Thursday, January 8, 2009

Hating on Main Street

Now that I've said a bunch of nice things about some of the movies I've seen this year, I thought for balance's sake that I'd put a some hurting on one that I thought was a real stinker:

Revolutionary Road
(Sam Mendes, US, 2008)
A lot of stuff and nonsense. I ended up lending all of my available empathy to the actors, who toiled admirably in spite of a bogus script and seriously inept direction. (In plenty of scenes, Kate was still a joy to watch despite the cringe-worthiness of the material; Leo fared worse, with his proclivity for easy tics and stock gestures abetted by Mendes.)

It’s a very pretty film; the cinematography, editing, and music are mostly excellent, but that’s about as much goodwill as I’m willing to expend on this turkey. The central, overriding and positively indefensible flaw is this: the thematic conceit is a bunch of bullshit. The film posits itself as being wise, insightful and maybe even subversive, but it ends up supporting the same ridiculous dichotomies embraced by the characters - namely, that in America, one can (and must) choose between the mindless, sterile existence of mainstream suburbia, or flee the bourgeois sham and thrive, "y'know, really feel things" in the Utopia of Europe (specifically Paris). I don’t think the filmmakers believe this, but that’s the reality the film presents, and it's as bogus and simplistic as a chest-thumping Michael Bay pageant.

RR is so unselfconsciously enamored of its own tragic weight that it ends up feeling, more than anything else, bizarre. Lines are uttered with a stagy crispness that feels almost Brechtian, except here it's meant to be dramatic, not distancing. (Eg: the line "I felt that way once. pregnant pause The first time I made love to you" is delivered with a kind of trance-like conviction.) There are occasional bits of coherence that emerge from the script, and a couple flashes of realistic human behavior - such as when DiCaprio and the underutilized Zoe Kazan share a boozy afternoon tryst - but mostly the clunkers and head-scratchers keep piling up, with incresingly strange results.

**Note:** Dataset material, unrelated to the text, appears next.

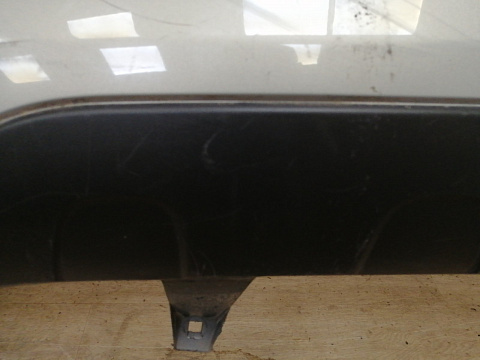 Фотография детали AA043403; Бампер задний; без паркт. (52159-48050) для Lexus RX II (2004 — 2008)/БУ; Оригинал; Р1, Мелкий дефект; . Фото номер 9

The weirdness reaches its apogee with ultimate pseudo-canonization of the Wheelers, suggesting the audience take them as tragic unsung heroes/dreamers, and who were at least less hypocritical than all the other pathetic suburbanites. This is confirmed by the last couple of scenes, where the still-shaken neighbors agree to forget the Wheelers and the uncomfortable truth they represented, and the bizarre final shot where the old codger tunes out his wife as she drones on about how the Wheelers were really just odd troublemakers.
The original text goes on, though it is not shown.